START MATERIAL SHOWN

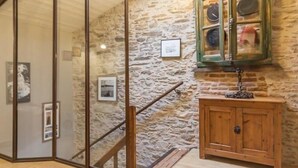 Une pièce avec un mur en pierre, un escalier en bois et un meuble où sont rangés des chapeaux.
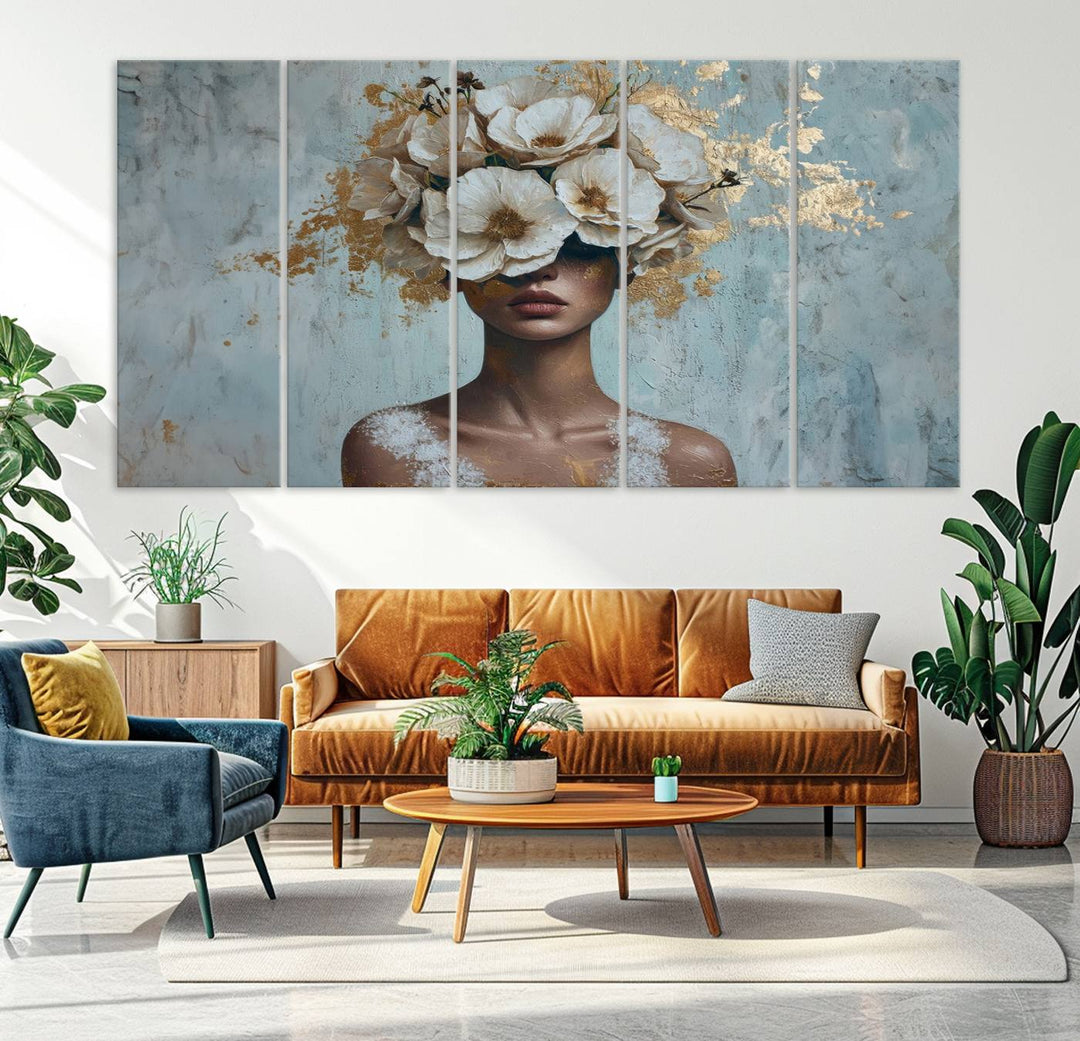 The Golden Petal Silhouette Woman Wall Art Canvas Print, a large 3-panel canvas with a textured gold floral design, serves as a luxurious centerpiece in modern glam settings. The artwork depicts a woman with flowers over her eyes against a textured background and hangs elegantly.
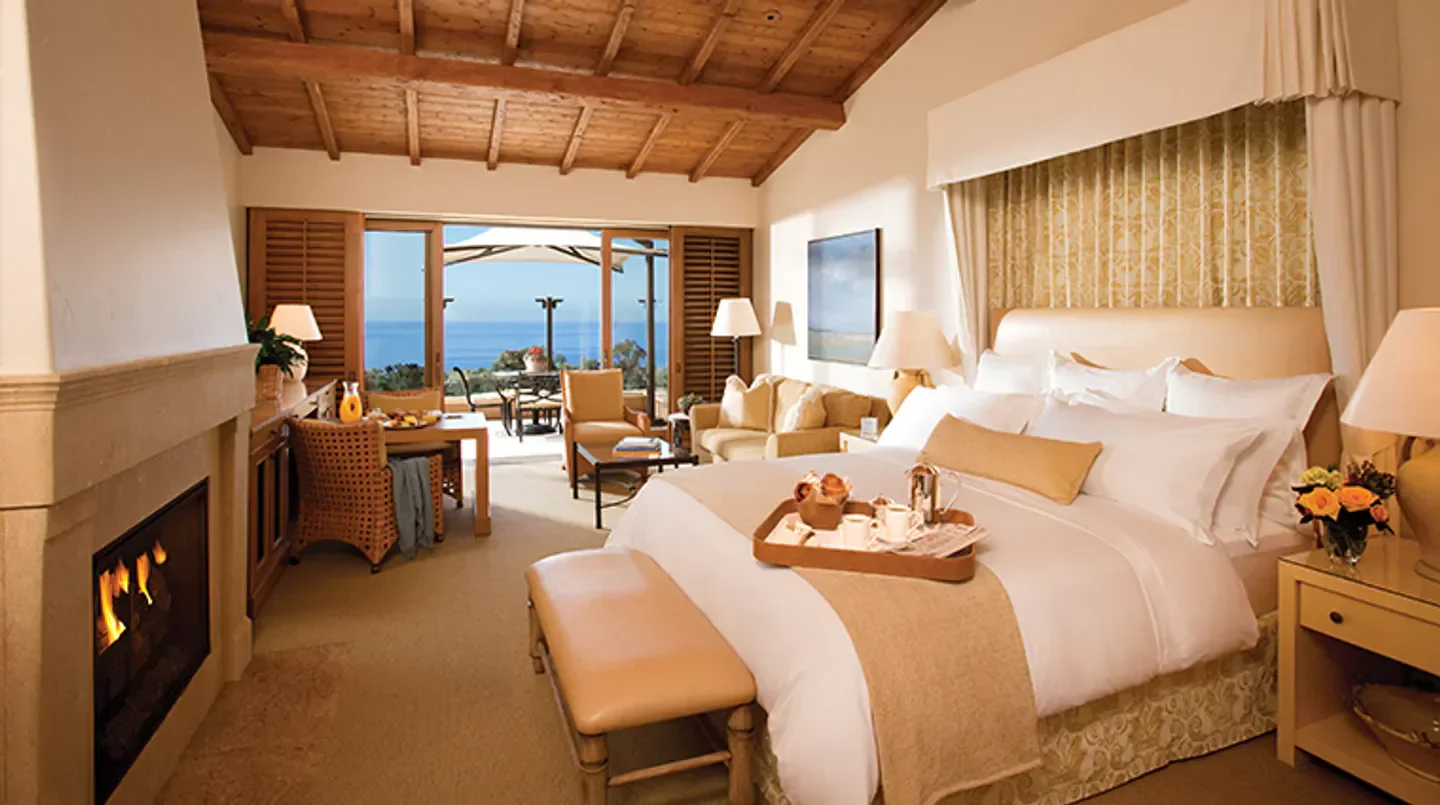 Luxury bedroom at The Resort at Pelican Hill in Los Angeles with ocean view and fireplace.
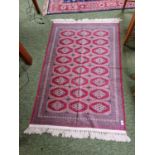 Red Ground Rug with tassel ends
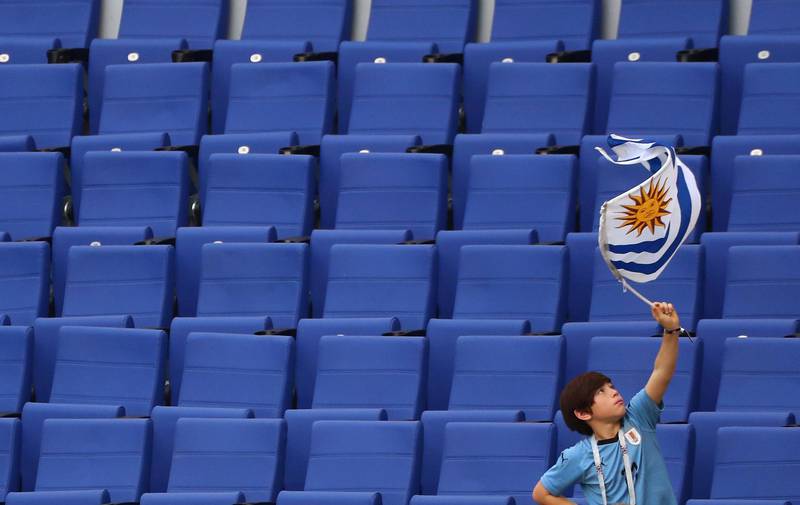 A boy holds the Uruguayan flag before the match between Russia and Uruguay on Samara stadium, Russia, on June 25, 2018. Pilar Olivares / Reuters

END MATERIAL SHOWN

**EXERCISE REQUIREMENTS:**
Your answer must be an exact copy of the entries above, with no pictures in it.

**YOUR SOLUTION:**
 Une pièce avec un mur en pierre, un escalier en bois et un meuble où sont rangés des chapeaux.
 The Golden Petal Silhouette Woman Wall Art Canvas Print, a large 3-panel canvas with a textured gold floral design, serves as a luxurious centerpiece in modern glam settings. The artwork depicts a woman with flowers over her eyes against a textured background and hangs elegantly.
 Luxury bedroom at The Resort at Pelican Hill in Los Angeles with ocean view and fireplace.
 Red Ground Rug with tassel ends
 A boy holds the Uruguayan flag before the match between Russia and Uruguay on Samara stadium, Russia, on June 25, 2018. Pilar Olivares / Reuters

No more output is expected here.